GIVEN MATERIAL
::::

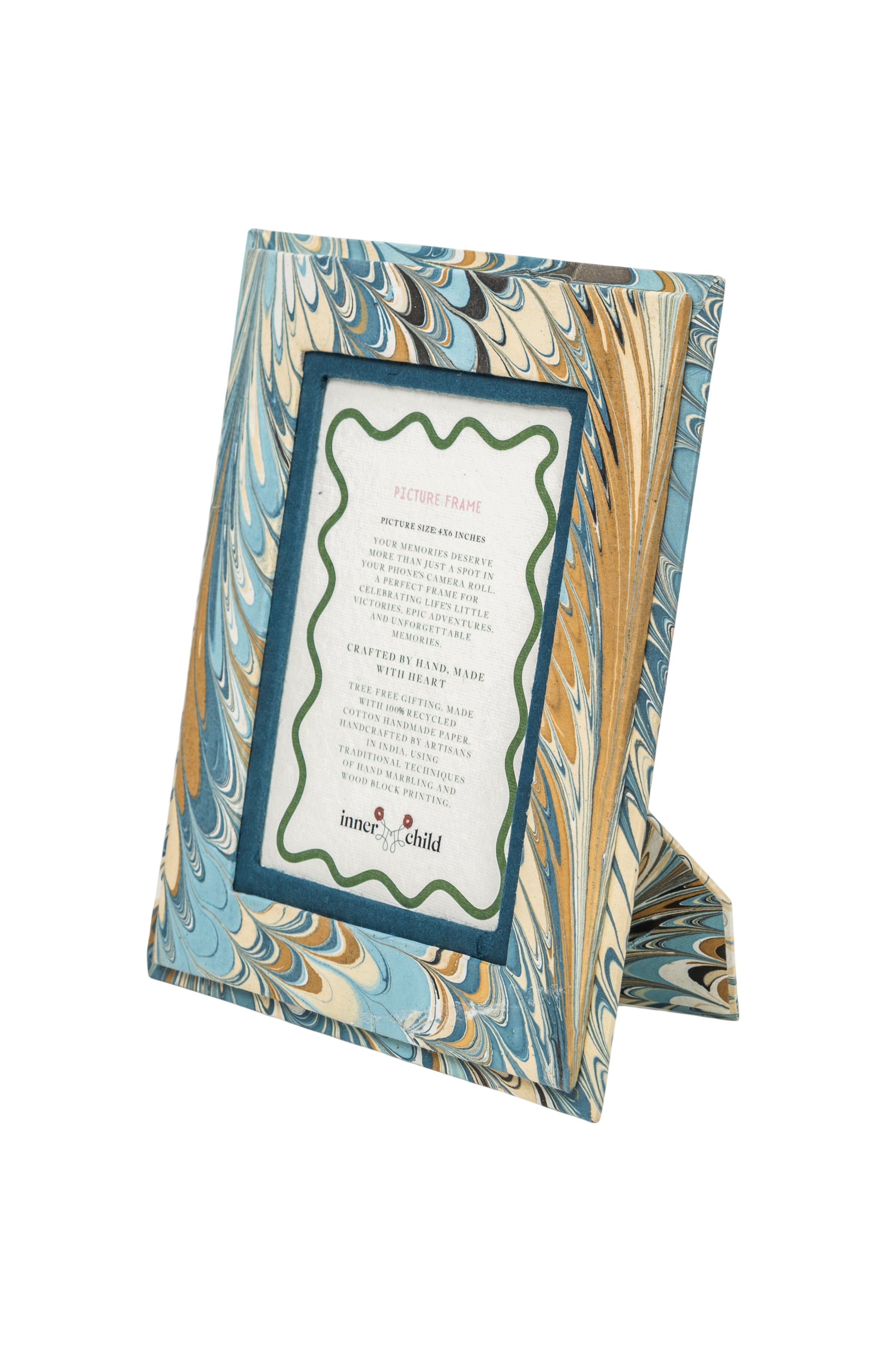 Hand-Marbled Picture Frame in Nila Feathers, 4" x 6"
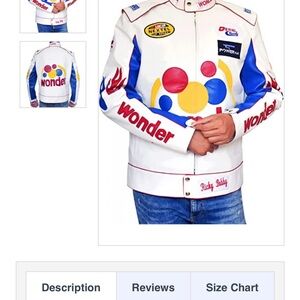 Mens Racing Jacket - White and Blue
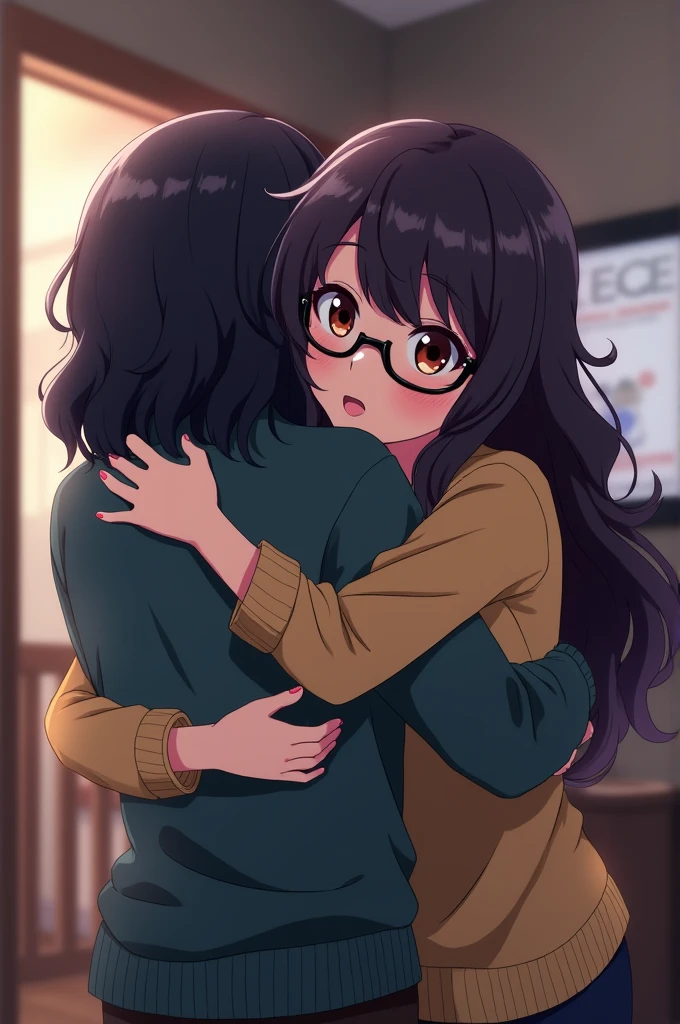 A girl in the style of boku no hero academy with long wavy dark purple hair and brown eyes with black glasses in casual clothes hugging the character Lady Nagant in a room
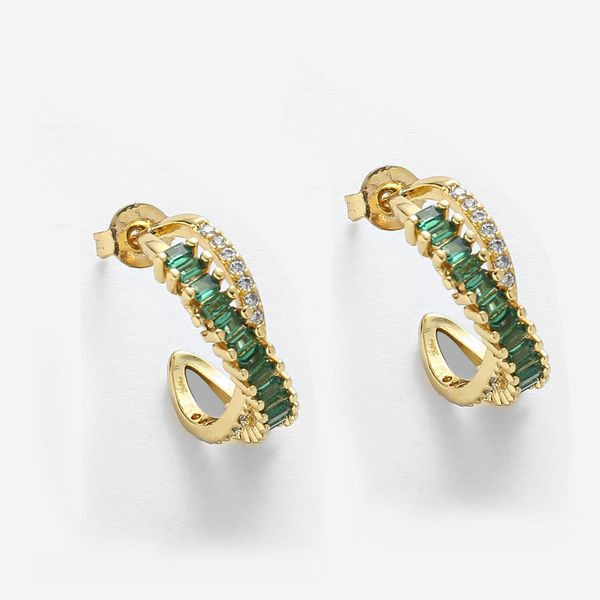 Серьги-кольца разомкнутые с разноцветными кристаллами CJL46926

::::

WHAT IS REQUIRED
Please repeat all of the data exactly, excluding images.

RESULT FOR THIS TASK
 Hand-Marbled Picture Frame in Nila Feathers, 4" x 6"
 Mens Racing Jacket - White and Blue
 A girl in the style of boku no hero academy with long wavy dark purple hair and brown eyes with black glasses in casual clothes hugging the character Lady Nagant in a room
 Серьги-кольца разомкнутые с разноцветными кристаллами CJL46926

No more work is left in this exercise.